Sunday 15 June 2014

A Realistic List of Ways to Be a Great Dad

I’ve noticed a lot of lists circulating this month about ‘how to be a great dad’. These lists are often absurdly idealistic. My parents both worked for a living, starting off dirt-poor and working crazy long days to get us comfortable. They are ‘salt of the earth’ people at their core, and they’re rough around the edges. I often describe myself as being raised by Klingons: a warrior race that prides itself on honor and a good fight. Maybe you’re the kind of dad that finds those endless lists of idealistic ‘dad rules’ to be helpful; but if you’re a normal human dad, maybe this list will better suit your needs.


1. Teach your kids to make their own fun. If you don’t have money for the newest automated kid gadget, give her a gas mask, a flashlight, and a little brother to terrorize. In fact, even if you do have the money for the newest gadget, stick with the flashlight and the gas mask.

2. If you are a young family trying to make ends meet, be creative. Buy one MacDonald’s hamburger (the little kind), then share it in alternating bites between yourself, your son, and your daughter. Whoever gets the pickle is considered the winner. Meanwhile everyone gets a little treat.

3. If your kid asks you why Rocky Balboa is drinking raw eggs, explain it to her. If she then says she wants a raw egg too, give it to her. When she realizes it’s disgusting, be kind enough to let her throw it out.

4. Teach your daughter how to defend herself. Teach her also how to change her own tire, shoot a weapon, patch a boat, clean a fish, and drive a standard. Because knowledge is power and there’s nothing you should only teach a son, and Daddy don’t raise no damsels in distress.

5. Sing in traffic: make up songs to express your frustration with the bad drivers around you. If you’re lucky, you’ll one day hear your own daughter singing, “Sucking my braiiiiins directly out of my asshooooole” just like you did.

6. Always answer the ‘why’ questions, even when your kid is a teenager. Even if it takes six hours and it’s a fight between the two of you.

7. Put aside the kid shows, kid music, and Disney movies, and watch real movies with your kids. Cover their eyes when necessary but watch them anyway. Play classic rock and classical music. They’ll grow up lightyears ahead of the other kids in terms of wit, intelligence, and emotional literacy.

8. Get festive. Dress up like the Grim Reaper on Hallowe'en and chase the neighbourhood kids. Make potato spiders and drop them from a pulley system onto the trick-or-treaters. Basically, be a kid but with all the resources of an adult.

9. At bedtime, read to your kid the novels you’re already reading, yourself. She won’t understand everything that Terry Brooks or Isaac Asimov is saying, but she’ll feel like you respect her intelligence and she’ll develop a hunger to understand all the words.

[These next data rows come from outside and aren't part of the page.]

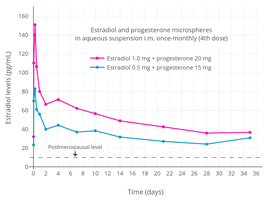 Estradiol levels after the fourth dose during continuous therapy with estradiol and progesterone microspheres in aqueous suspension by intramuscular injection once per month in menopausal women.[10][11] Source: Espino y Sosa et al. (2019).[10]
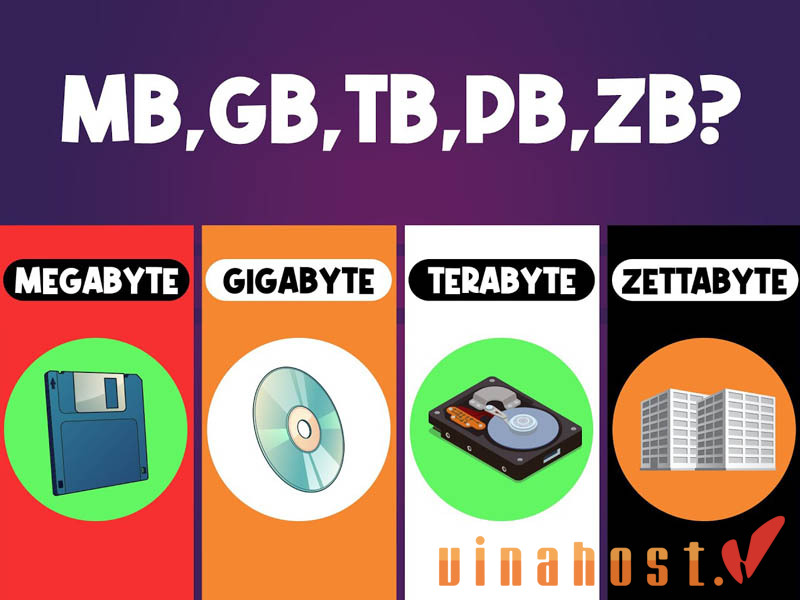 1gb bằng bao nhiêu mb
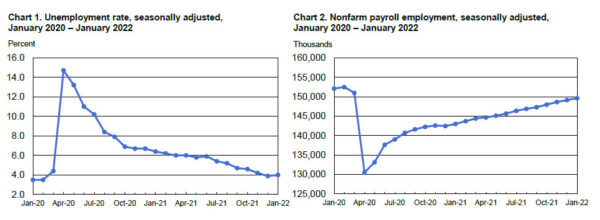 US non-farm payroll grew 467k, wage growth strong too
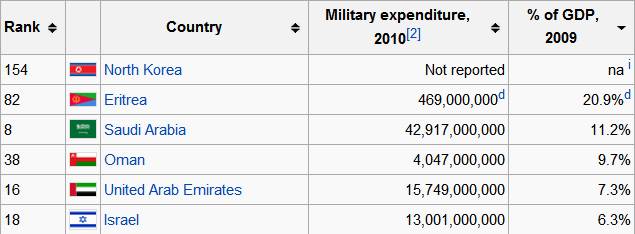 Los-5-paises-que-gastan-mas-en-armamento-proporcionalmente
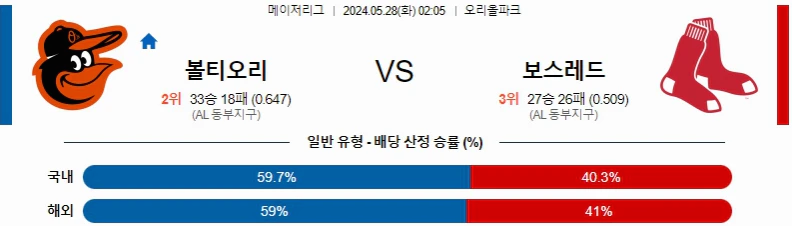 [씨유티비] MLB 분석 05월 28일 메이저리그 해외야구 스포츠중계 1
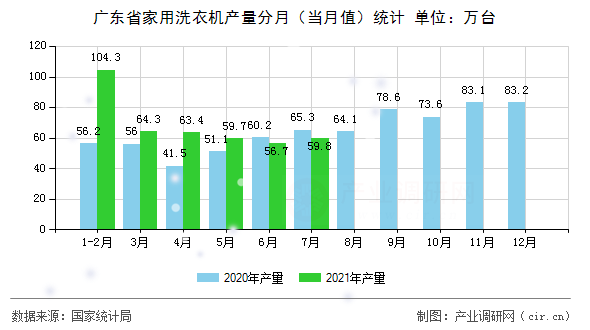廣東省家用洗衣機產(chǎn)量分月（當月值）統(tǒng)計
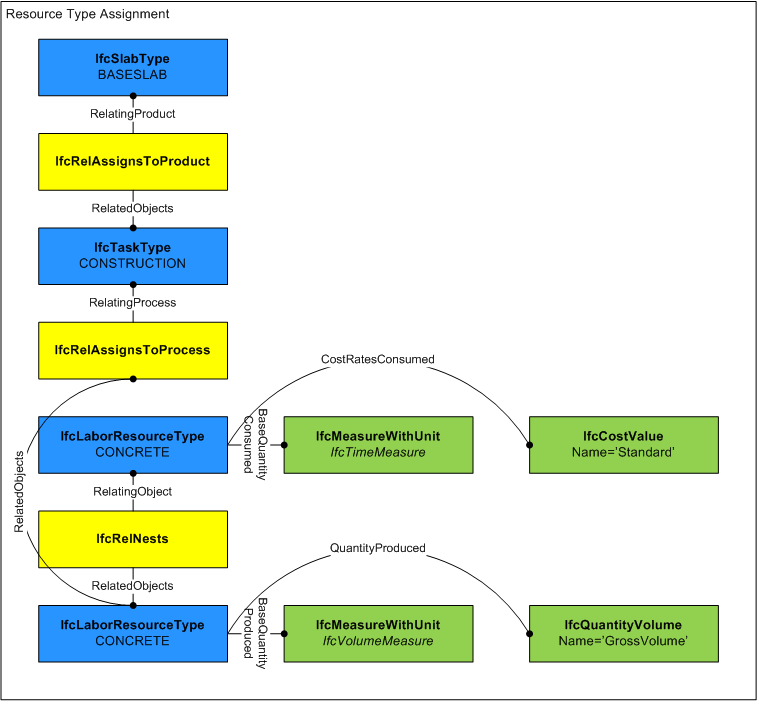 Figure 1 — Construction resource type assignment Assignment Use Definition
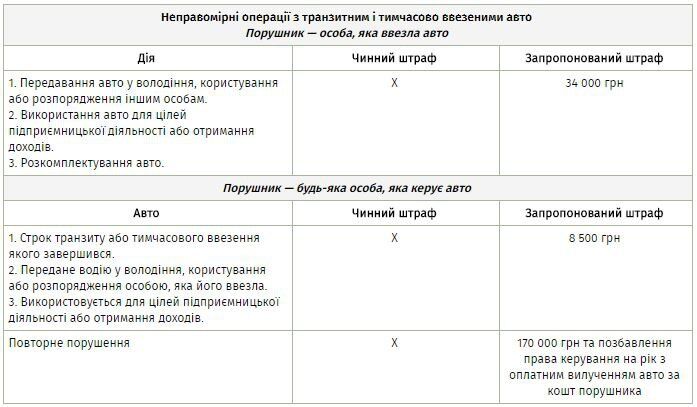 Бунт авто на єврономерах: як будуть вирішувати проблему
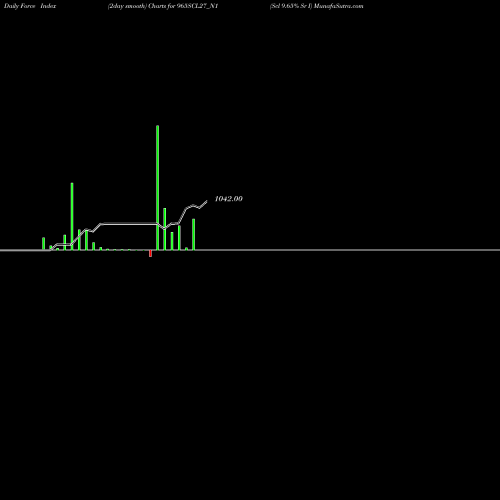 Force Index chart Scl 9.65% Sr I 965SCL27_N1 share NSE Stock Exchange 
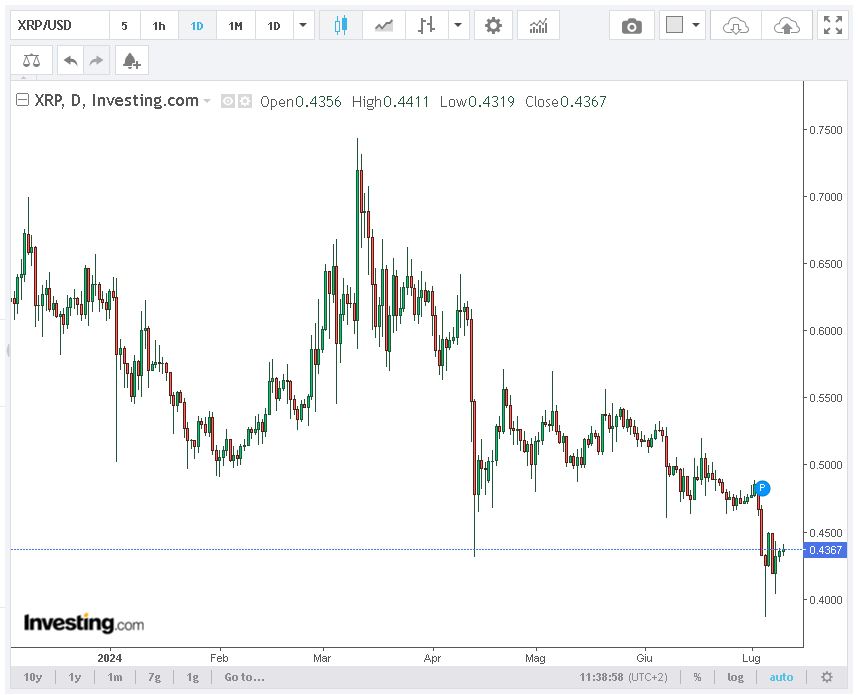 grafico ripple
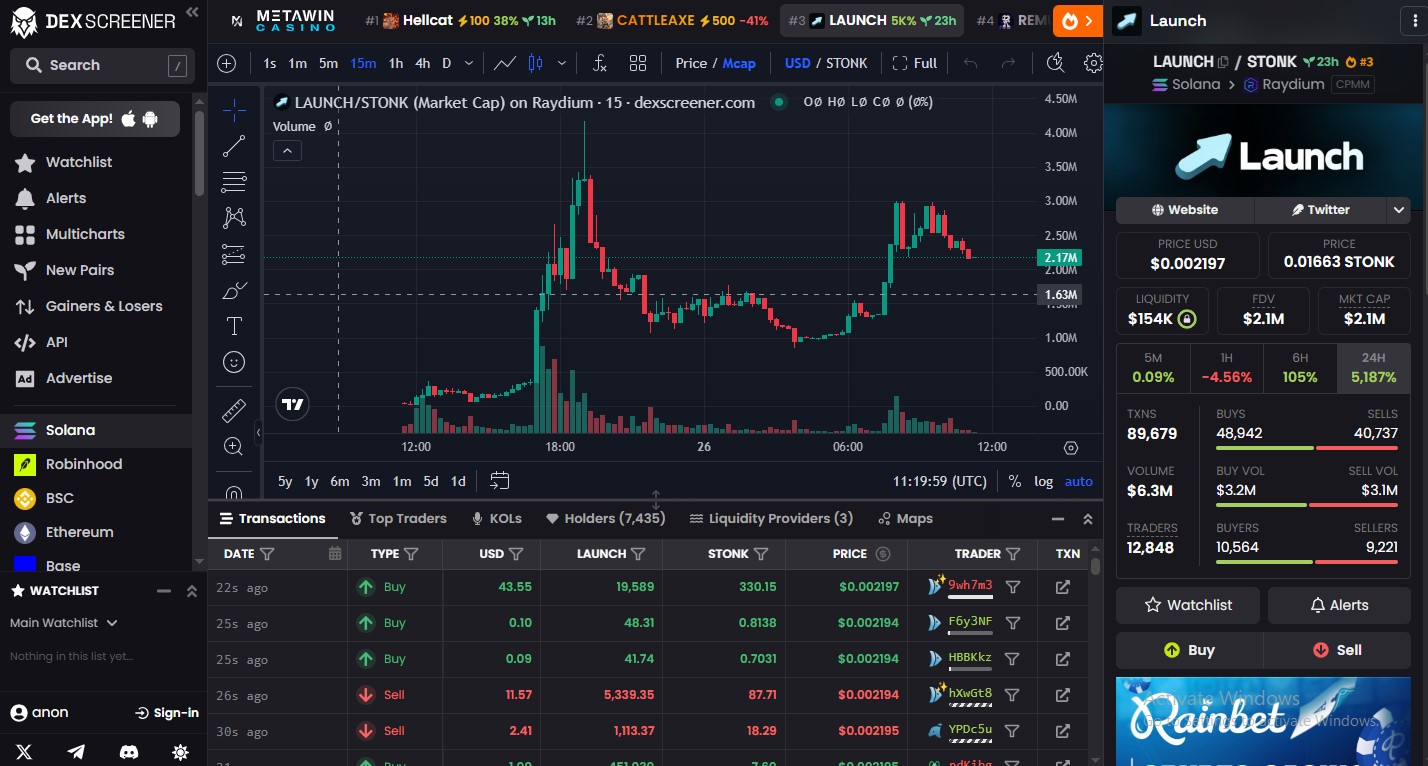 DEX Screener Data DEX Screener Data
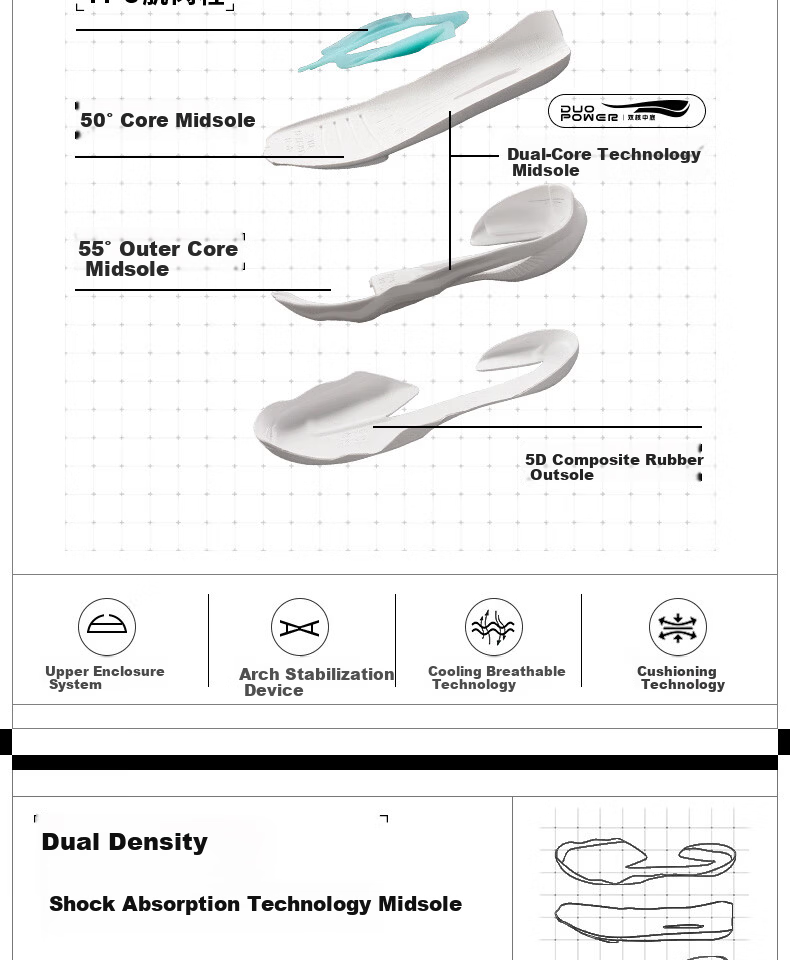 KUMPOO Featherweight Badminton Shoes Shock Absorption Breathable Button Shoelaces Unisex Sports Shoes Thick Yi PRO KH-G826S White Size 43 5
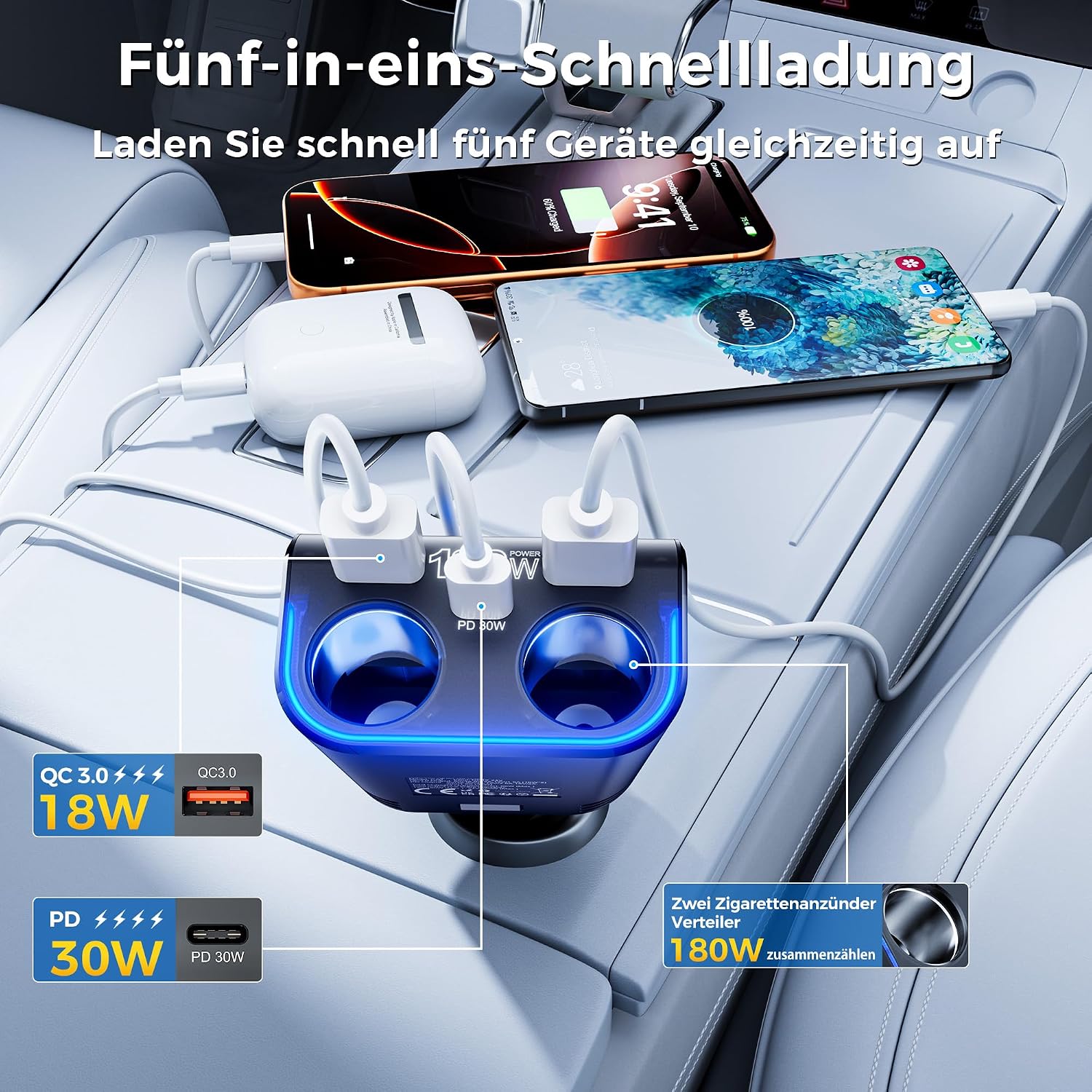 Thumbnail 2 de SONRU180W Zigarettenanzünder Verteiler 5 in 1 – 24/12 V Auto Ladegerät mit zwei USB-C Schnellladeanschlüssen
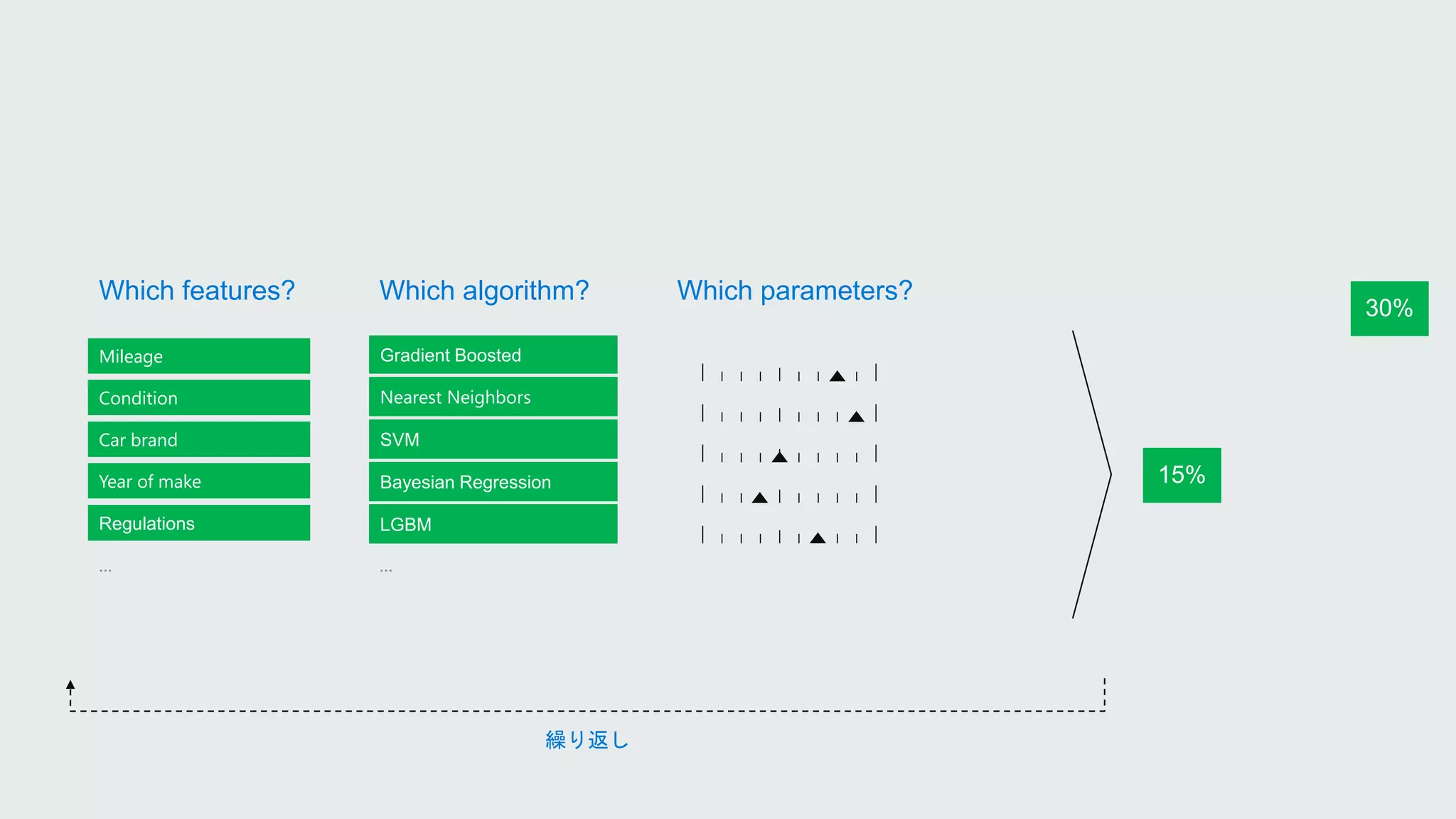 Mileage
Condition
Car brand
Year of make
Regulations
…
Gradient Boosted
Nearest Neighbors
SVM
Bayesian Regression
LGBM
…
Gradient Boosted
SVM
Bayesian Regression
LGBM
Nearest Neighbors
Which algorithm? Which parameters?Which features?
繰り返し
Regulations
Condition
Mileage
Car brand
Year of make
 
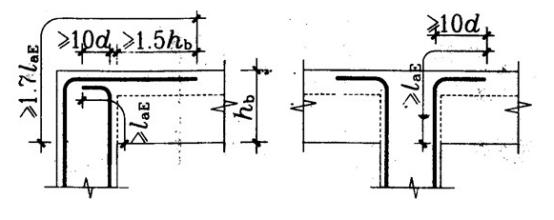 基礎(chǔ)、梁、板、柱、墻鋼筋綁扎解析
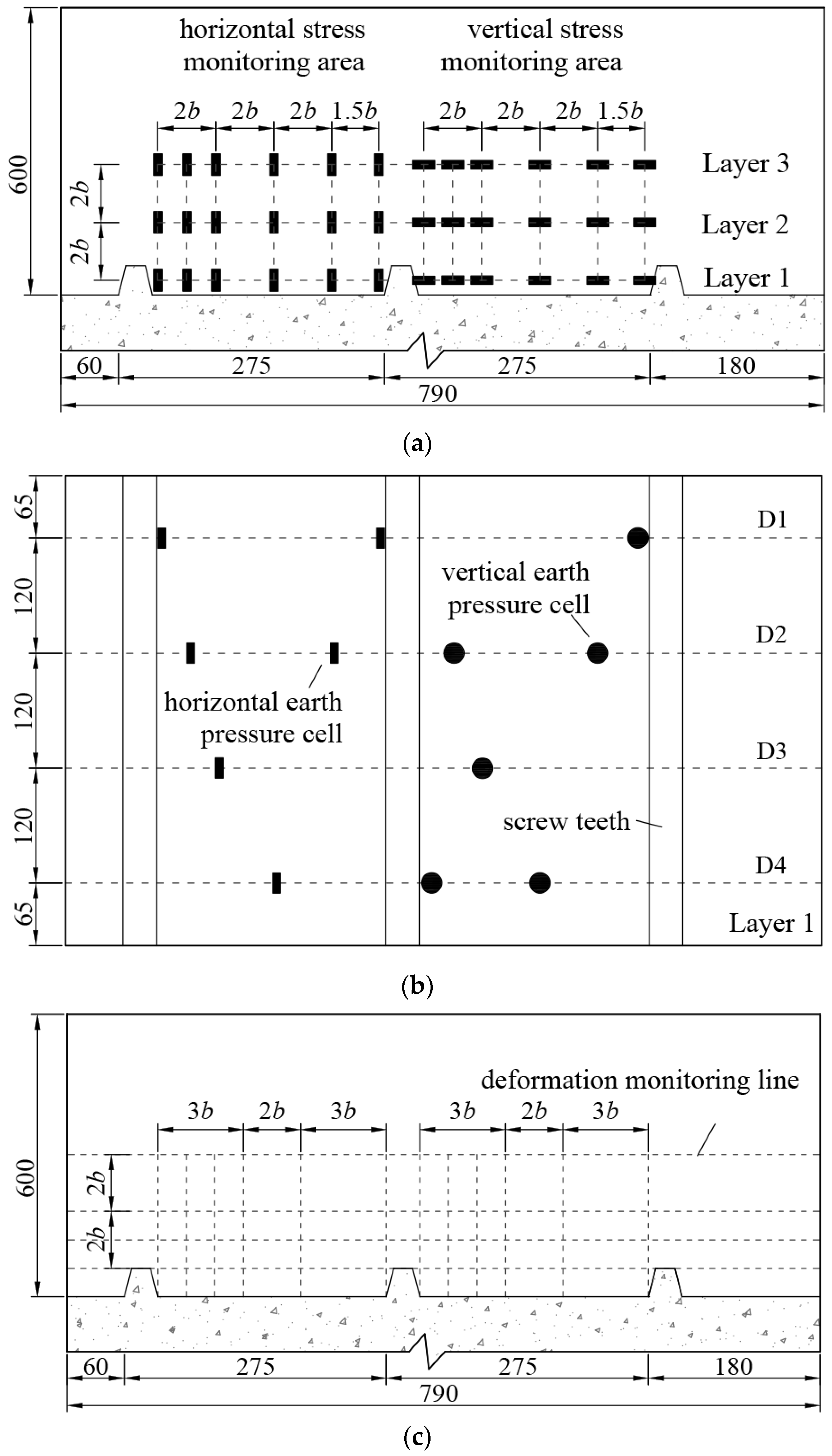 Buildings 12 02091 g004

10. To make housecleaning more enjoyable, blast the “Les Poissons” song from The Little Mermaid on full volume and have everyone sing along. For the rest of your kid’s life, doing chores will be a happy thing.

My experience has been that it’s not about the quantity of time, but the quality of time that you spend with your kid. And it’s often the things you didn’t know were ‘lessons’ that will stick in your kid’s brain. You don’t have to be Superman to raise a good kid; just aim to be unique, true to your values, and creative. The rest will work itself out.